After 13 years of war and trillions of dollars in military spending, is the U.S. any safer? According to a top Pentagon official, "My quick answer is that we're not."
Lt. Gen. Michael Flynn is the outgoing head of the Defense Intelligence Agency. He shared his thoughts during a discussion at the Aspen Security Forum last week.
"We have a whole gang of new actors out there that are far more extreme than Al Qaeda," he said. "That ideology is actually, sadly, it feels like it's exponentially growing."
The numbers: America's fighting in Iraq, Afghanistan and Pakistan have led directly to 350,000 deaths, according to Costs of War, a non-partisan research project based at Brown University. Of those, as many as 220,000 were civilians.
Image credit: Costs of War
On the economic side of things, our wars have cost $4.4 trillion and counting, according to Costs of War. That figure doesn't include interest on borrowing for the military expenditures, which could add up to an extra $1 trillion by 2023 or even $7 trillion by 2053.

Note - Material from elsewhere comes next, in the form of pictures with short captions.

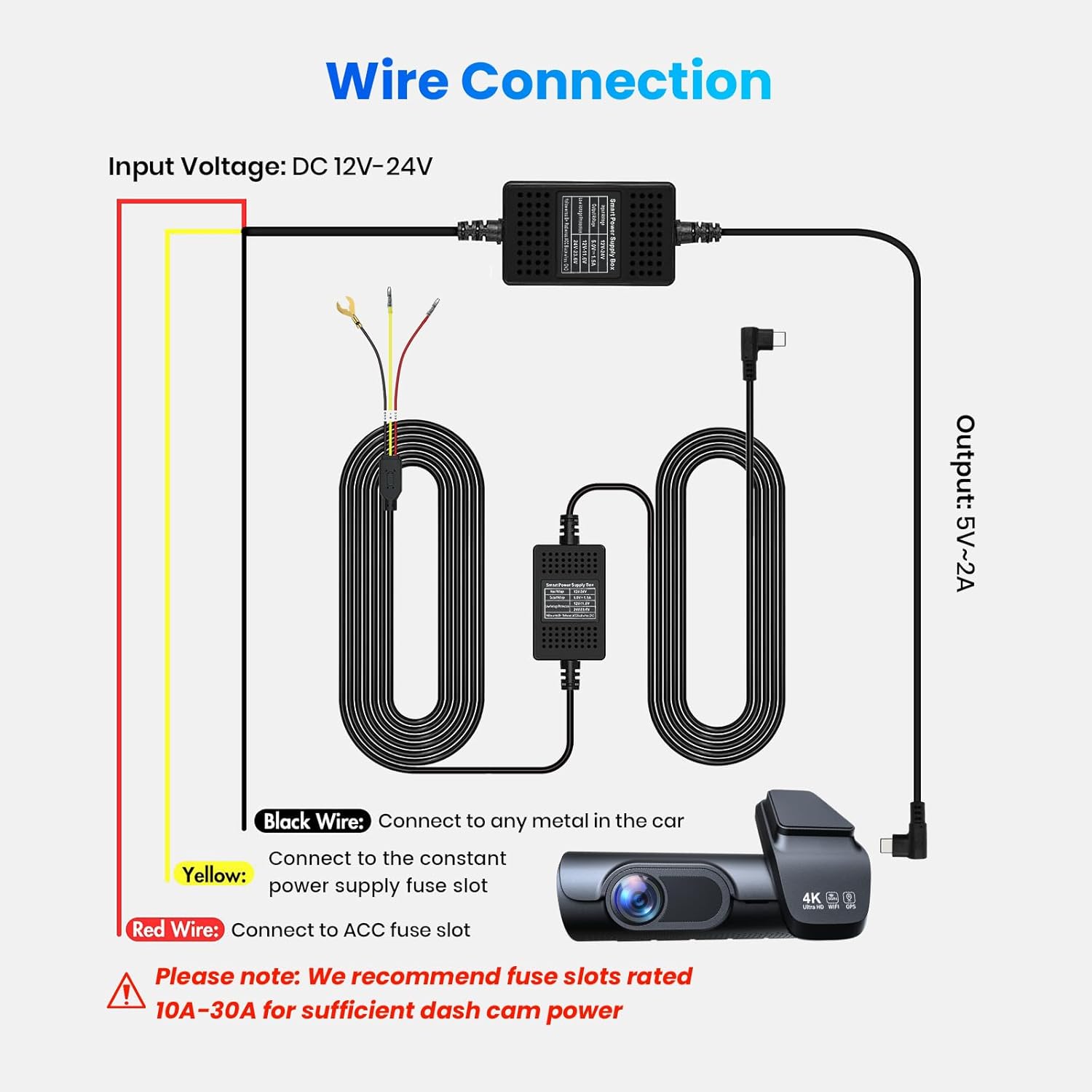 Hardwire Kit for K600 Dash Cam Front and Rear 4k+1080P,12ft Type C,Input12V/24V,Output 5V/2.5A.Dash Cam Hardwire Kit with Add A Circuit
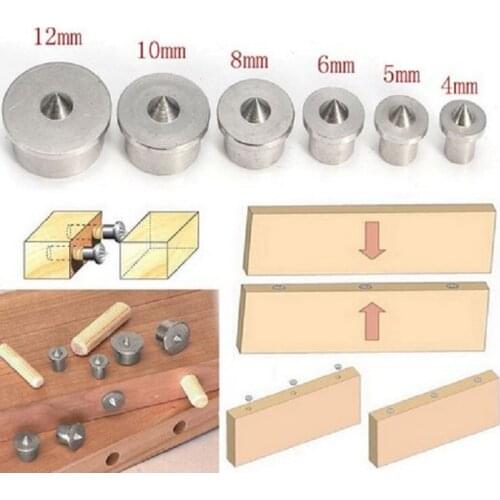 Professional 6pcs Centre Point Pin 4~12mm Tenon Center Drill Hole Tool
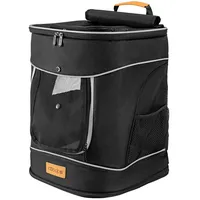 CADOCA Haustierrucksack bis 12 kg verstellbare Gurte faltbar Kurzleine Haustier Tragetasche Katze Hund Rucksack Schwarz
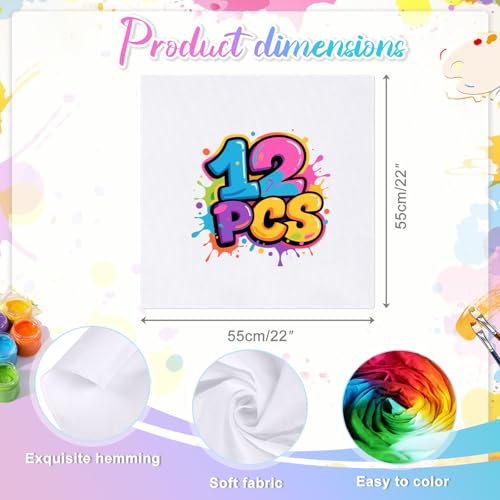 Cotton White Bandana, 22"x22" White Bandanas Bulk for Tie Dying, Handkerchiefs Headband Head Wrap Scarf - style: 12pcs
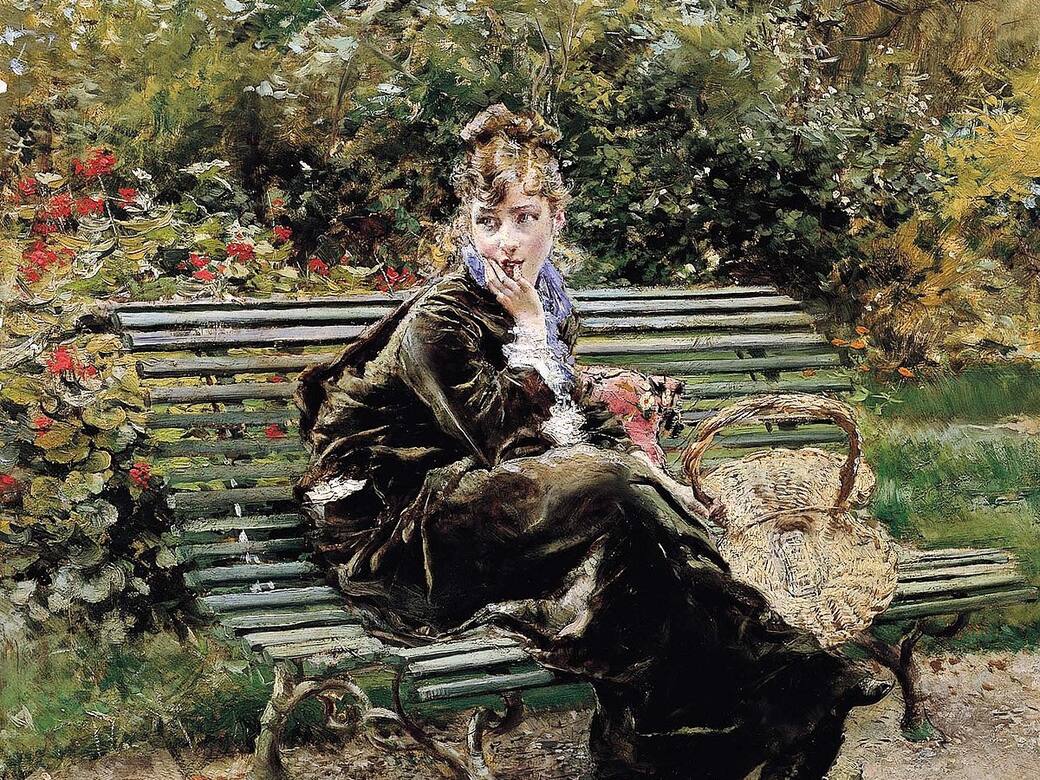 Giovanni Boldini, Sulla panchina al Bois, 1872. Olio su tavola 46 x 34 cm. Collezione privata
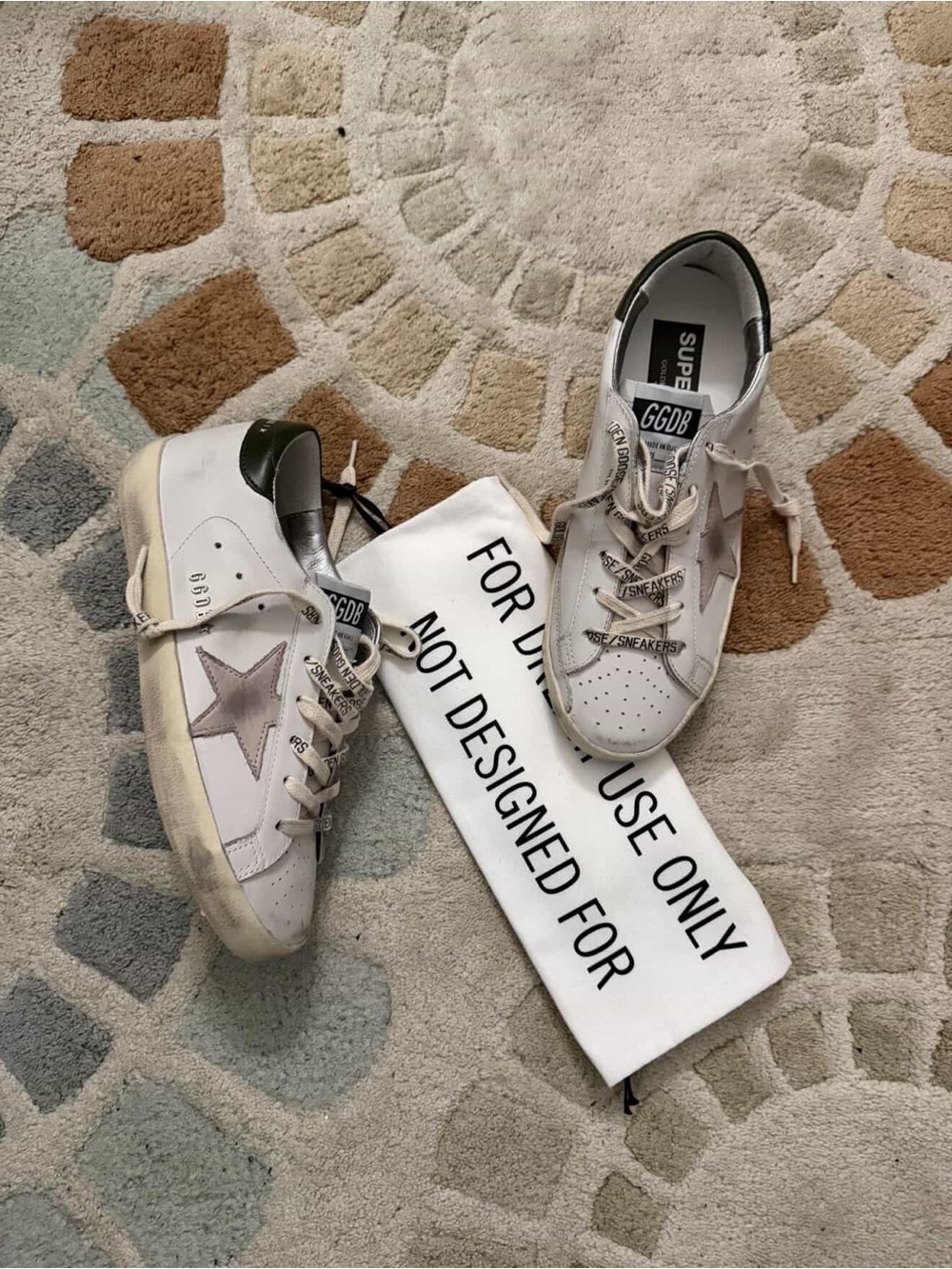 Golden Goose  White Sneakers with Gray Star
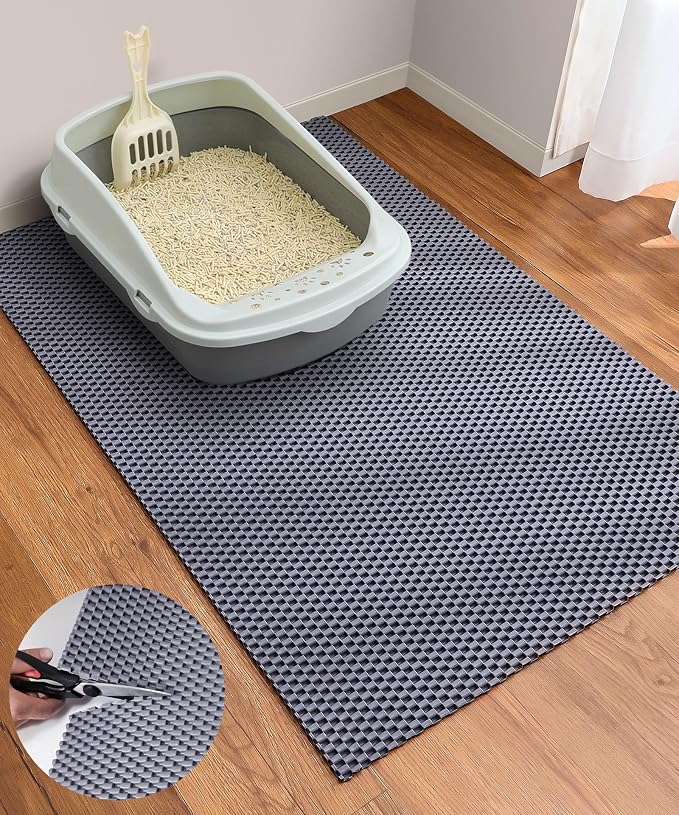 Cooyes Cat Litter Mat - Cut to Fit Any Place, 35"x23" Large Litter Trapping Mat for Litter Box, Easy to Clean, Waterproof & Non-Slip Kitty Pad, Scatter Control to Protect the Floor (Grey) by Cooyes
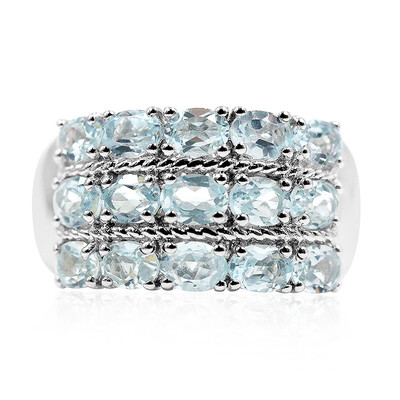 Anillo en plata con Topacio azul cielo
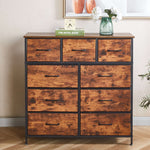 Storage cabinet 9 drawers OT-117 wooden dresser with multiple drawers in a room setting - rear angle | Artisansa SA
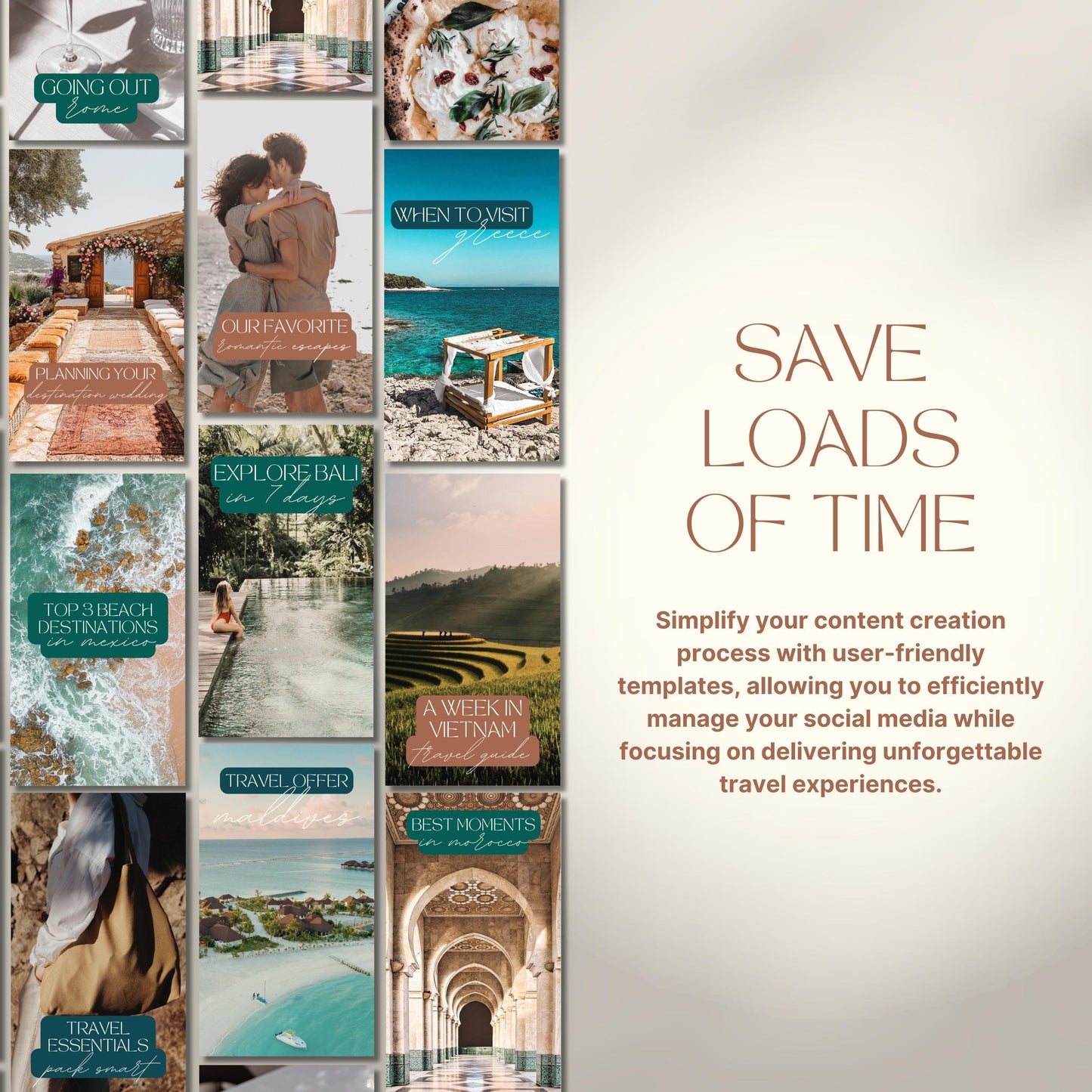 Grid of travel agent instagram templates. Save loads of time.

Image credit: Mother Jones
This is the part where you remember that the Bush administration estimated that the Iraq War would cost $55 billion in 2003.
No lessons learned: Despite those statistics, and the warnings of military officials like Flynn, some Bush-era politicians are a little too eager to get back to the good ol' days of being knee-deep in wars.
Chief among them is Dick Cheney, who essentially went on a non-apology tour earlier this year, saying he had no regrets about the Iraq War and (vaguely) advocating for further military action and general craziness.
Don't listen to Dick Cheney. Do listen to overwhelming numbers and concerns from our current military officials. This is where war has gotten us — let's try something a little different.